Napier grass genetic characterization to date has relied mainly on assessing phenotypic traits38 and using low density molecular markers22,24,36,44,45 that are a poor proxy for the whole-genome information. In additions, most of the markers were selected based on cross-species transferability from closely related species22,36. Recent advances in genotyping by sequencing (GBS) approaches provide a cost-effective method for the identification of genome-wide molecular markers31,33,46 in species with non-existent or limited genomic information, such as Napier grass. Recently genome-wide SSR and SNP markers, based on transcriptome sequencing of Napier grass, have been reported25,31. In this study, we assessed the genetic diversity, population structure, and genome-wide patterns of linkage disequilibrium (LD) in the Napier grass collection maintained in the ILRI forage genebank and a collection acquired from EMBRAPA using genome-wide high-density SNP and SilicoDArT markers derived from the GBS method of the DArTseq platform, which combines genome complexity reduction using restriction enzymes and next generation sequencing32,33.

As a reference genome sequence remains to be generated for Napier grass, we used the pearl millet (Pennisetum glaucum) genome sequence to identify the genomic position and genome-wide distribution of the SilicoDArT and SNP markers. Pearl millet (2n = 2x = 14 chromosomes and with AA genomes) is closely related to Napier grass (2n = 4x = 28 chromosomes and genomes A′A′BB) and their genetic proximity allows the production of hybrids (2n = 3x = 21)47. In addition, the genome A of pearl millet and A′ of Napier grass are homeologs forming a pair in the hybrids during meiosis47,48. Furthermore, Napier grass sequences have been shown to display a high degree of synteny and considerable collinearity with the pearl millet genome31. The mapping showed the density and distribution of the markers across the genome. In addition, the mapping revealed that most of the markers are located at the peripheral ends of the chromosome arms, which is in line with many previous reports on other species including pearl millet34,35,49. However, we were only able to map about 17% of the SilicoDArT markers and 33% of the SNP markers to the seven chromosomes of the pearl millet genome, and very few of both marker types were mapped to different scaffolds, leaving more than 70% of the markers unmapped. This result is a little lower in comparison to the findings by Paudel et al.31, in which 38.8% of the Napier grass Illumina reads mapped onto the pearl millet genome. This is possibly due to differences in sequence read lengths produced by the Illumina and DArTseq platforms, as the former produces longer sequence reads. In addition, most of the unmapped markers could be from the Napier grass B genome which is not present in pearl millet47. The map position information was required to select a few representative, highly polymorphic and independent markers from across the genome for the genetic diversity analysis. The map position information was also required for a pair-wise LD calculation and for the genome-wide LD and LD-decay estimation. Furthermore, the map position information will be important for marker-trait association analysis and would aid in the identification of genomic regions controlling economically important traits in Napier grass.
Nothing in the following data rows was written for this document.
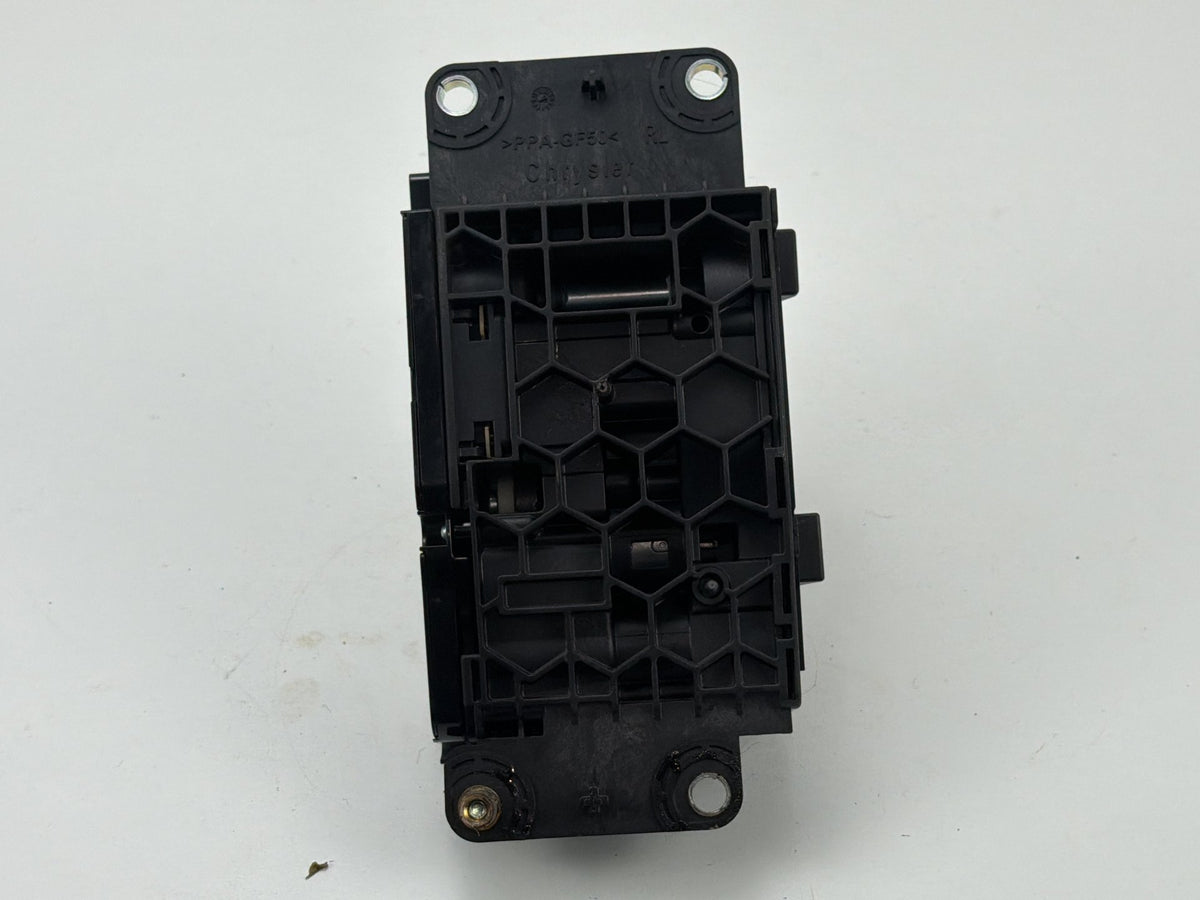 2014-2017 Maserati Quattroporte Gear Shifter Selector Box 670030360 OEM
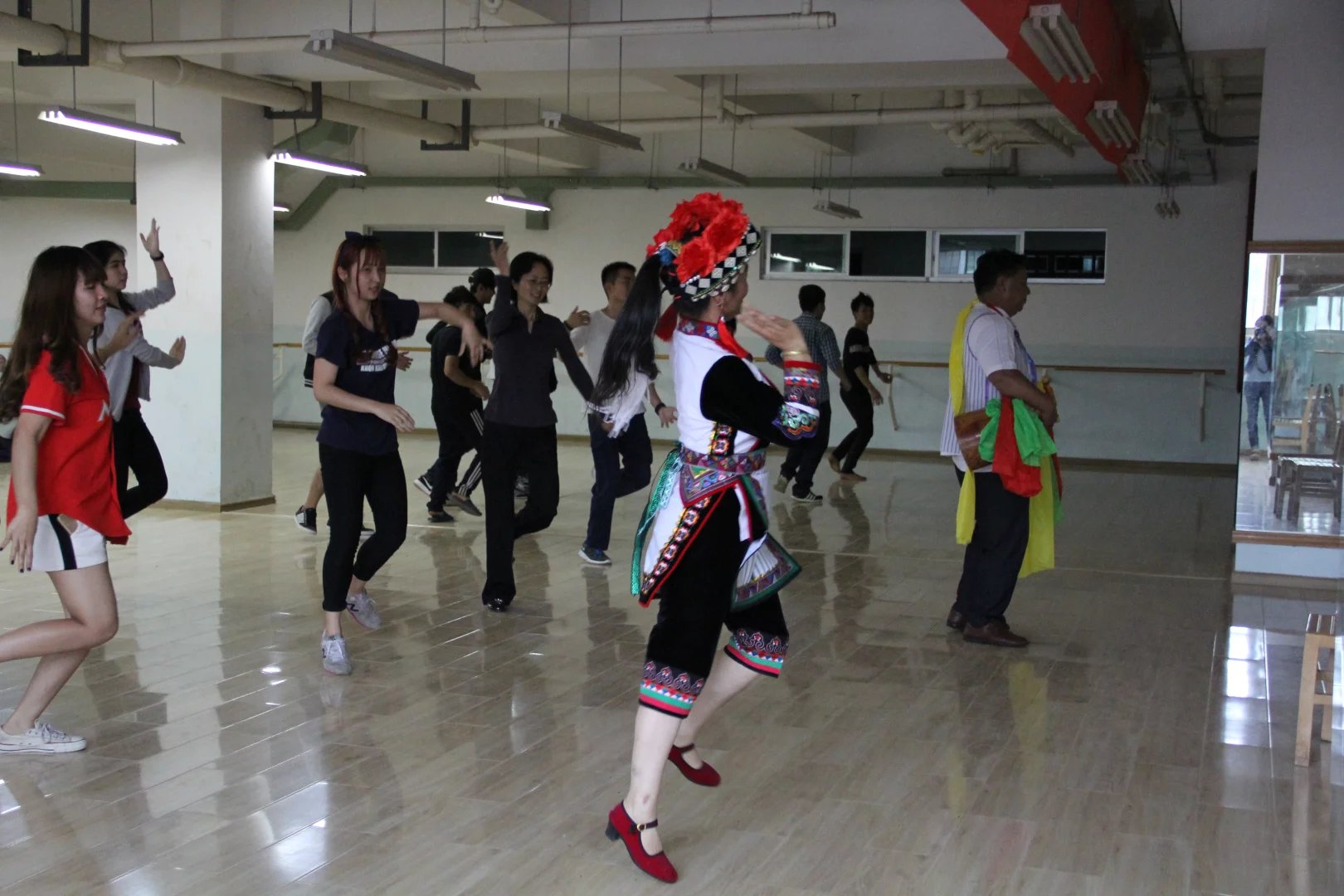 第二期：董艷玲副處長(zhǎng)、傳承人、同學(xué)們共同跳起彝族舞蹈——阿細(xì)跳月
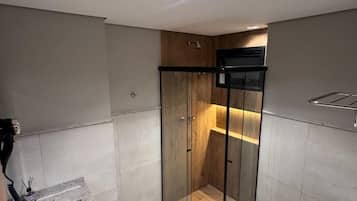 Standard Quadruple Room | Bathroom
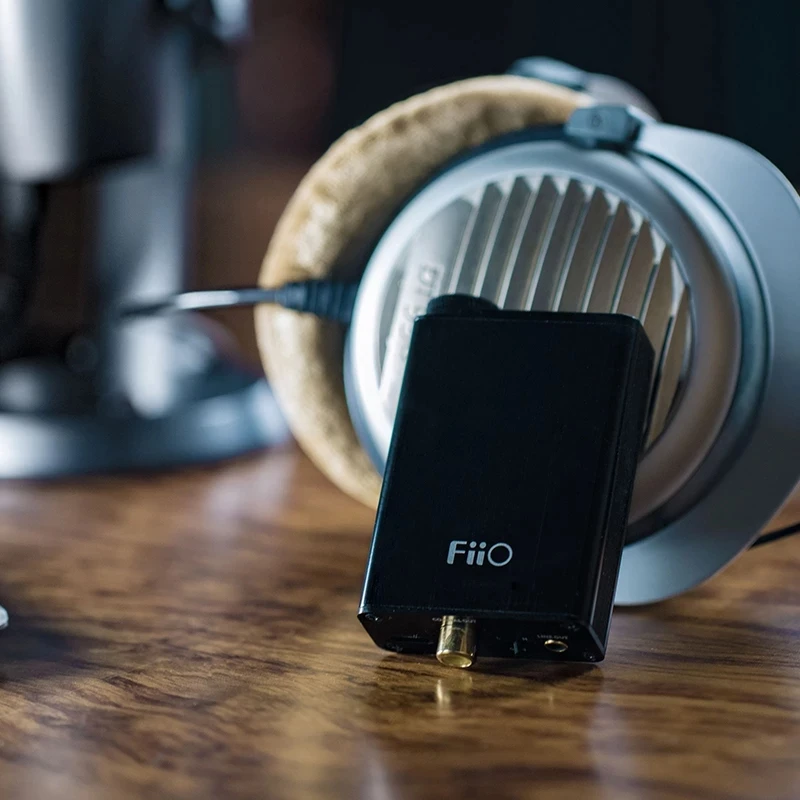 FiiO E10K-TC USB DAC усилитель наушников с XMOS XUF208 PCM 32 бит/384 кГц аудио 2.0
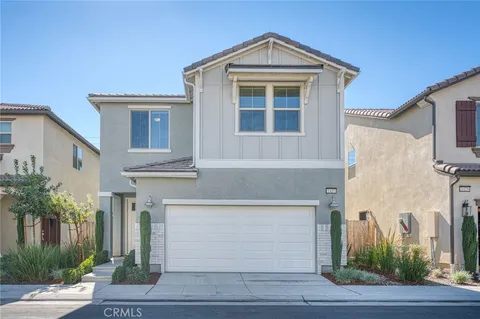 1437 E Via Viola Way, Fresno, CA 93730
Genome-wide LD pattern in Napier grass

Information regarding the extent of genome-wide LD and LD-decay is important for genome-wide association studies (GWAS) that aim to detect linked markers and QTL affecting important traits, for the implementation of genomic selection and to support the design of genetic and plant breeding research strategies50,51. The distance over which LD persists determines the density of markers required for a GWAS analysis52. In this study, LD was analyzed between SilicoDArT markers with genomic position information based on the physical distance of the pearl millet reference genome.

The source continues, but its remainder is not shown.